The small ermine does not, besides, feed so indiscriminately as many others, but when the bird-cherry (Prunus padus), its peculiar food, is not to be had, it will put up with blackthorn, plum-tree, hawthorn, and almost any sort of orchard fruit-tree. With respect to such caterpillars as feed on different plants, Réaumur and De Geer make the singular remark, that in most cases they would only eat the sort of plant upon which they were originally hatched.[EE] We verified this, in the case of the caterpillar in question, upon two different nests which we took, in 1806, from the bird-cherry at Crawfordland, in Ayrshire. Upon bringing these to Kilmarnock, we could not readily supply them with the leaves of this tree; and having then only a slight acquaintance with the habits of insects, and imagining they would eat any sort of leaf, we tried them with almost everything green in the vicinity of the town; but they refused to touch any which we offered them. After they had fasted several days, we at length procured some fresh branches of the bird-cherry, with which they gorged themselves so that most of them died. Last summer (1829) we again tried a colony of these caterpillars, found on a seedling plum-tree at Lee, in Kent, with blackthorn, hawthorn, and many other leaves, and even with those of the bird-cherry; but they would touch nothing except the seedling plum, refusing the grafted varieties. (J. R.)

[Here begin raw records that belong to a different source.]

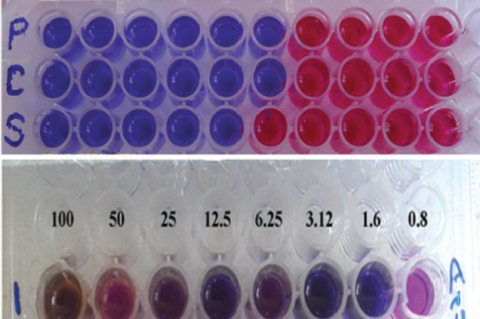Antitubercular screening of Serankottai nei by Alamar Blue assayagainst H37Rv strain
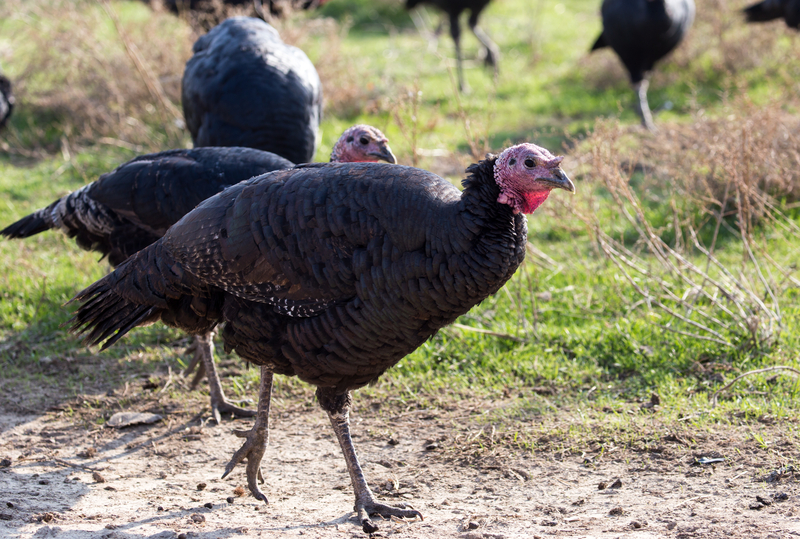 Turkey blood samples sought for West Nile Virus study Turkey blood samples sought for West Nile Virus study
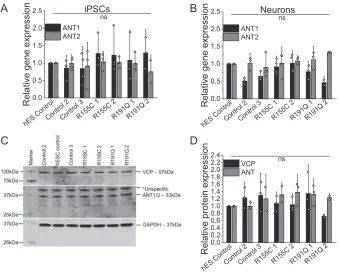 Figure 3. Quantification ofcropped Western blotting and ANT1/2 gene expression in iPSC (A) and iPSC-derived neurons (B) by qPCR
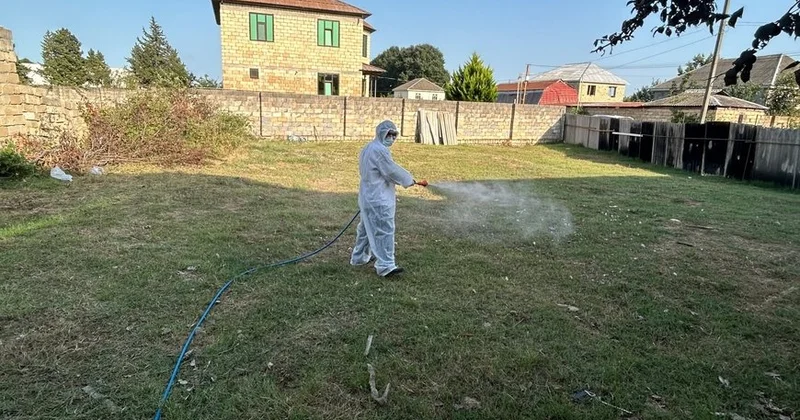 Azərbaycanda təhlükəli virus yayılıb? RƏSMİ CAVAB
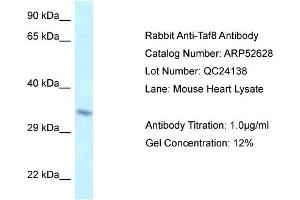 Western Blotting (WB) image for anti-TAF8 RNA Polymerase II, TATA Box Binding Protein (TBP)-Associated Factor, 43kDa (TAF8) (Middle Region) antibody (ABIN2774021) (TAF8 抗体  (Middle Region))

A circumstance not a little remarkable in so very nice a feeder is, that in some cases the mother moth will deposit her eggs upon trees not of indigenous growth, and not even of the same genus with her usual favourites. Thus, in 1825, the cherry-apple, or Siberian crab (Pyrus prunifolia, Willdenow), so commonly grown in the suburbs of London, swarmed with them. On a single tree at Islington we counted above twenty nests, each of which would contain from fifty to a hundred caterpillars; and though these do not grow thicker than a crow-quill, so many of them scarcely left a leaf undevoured, and, of course, the fruit, which showed abundantly in spring, never came to maturity. The summer following they were still more abundant on the hawthorn hedges, particularly near the Thames, by Battersea and Richmond. Since then we have only seen them sparingly; and last summer we could only find the single nest upon which we tried the preceding experiment. (J. R.)
Encampment of the caterpillar of the small ermine (Yponomeuta padella) on the Siberian crab.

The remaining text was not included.